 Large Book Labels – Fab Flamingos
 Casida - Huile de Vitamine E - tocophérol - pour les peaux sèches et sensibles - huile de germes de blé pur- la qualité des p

---

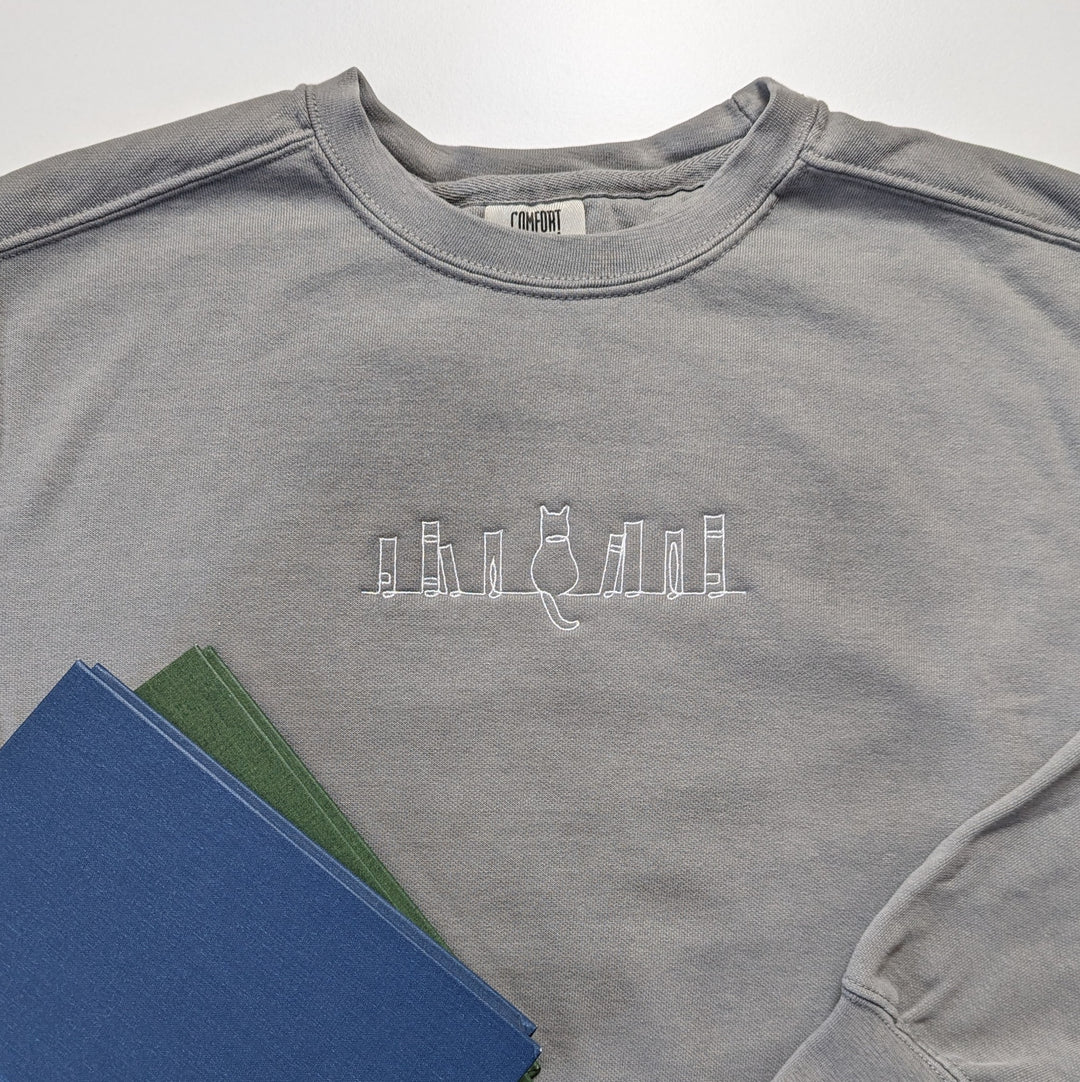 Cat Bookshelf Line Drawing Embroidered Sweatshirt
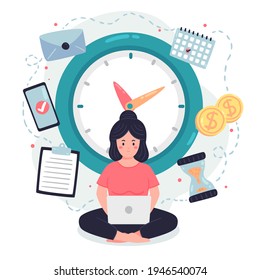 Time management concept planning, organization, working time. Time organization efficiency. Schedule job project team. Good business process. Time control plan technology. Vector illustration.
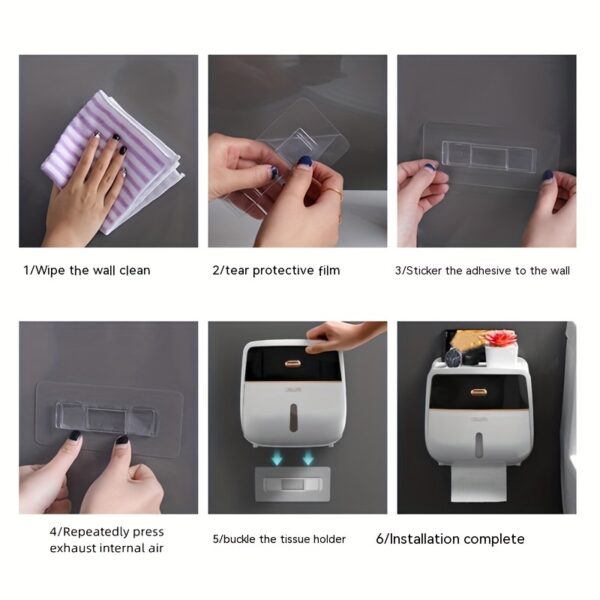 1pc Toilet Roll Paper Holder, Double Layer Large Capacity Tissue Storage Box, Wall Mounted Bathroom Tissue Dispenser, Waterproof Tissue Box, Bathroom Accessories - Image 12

§ **Task description**: Looking above, find the stretch of lines that opens with the one holding "Time management concept" and closes with the one holding "1pc Toilet Roll". Copy it exactly, pictures excluded.

§ **Your response**:
 Time management concept planning, organization, working time. Time organization efficiency. Schedule job project team. Good business process. Time control plan technology. Vector illustration.
 1pc Toilet Roll Paper Holder, Double Layer Large Capacity Tissue Storage Box, Wall Mounted Bathroom Tissue Dispenser, Waterproof Tissue Box, Bathroom Accessories - Image 12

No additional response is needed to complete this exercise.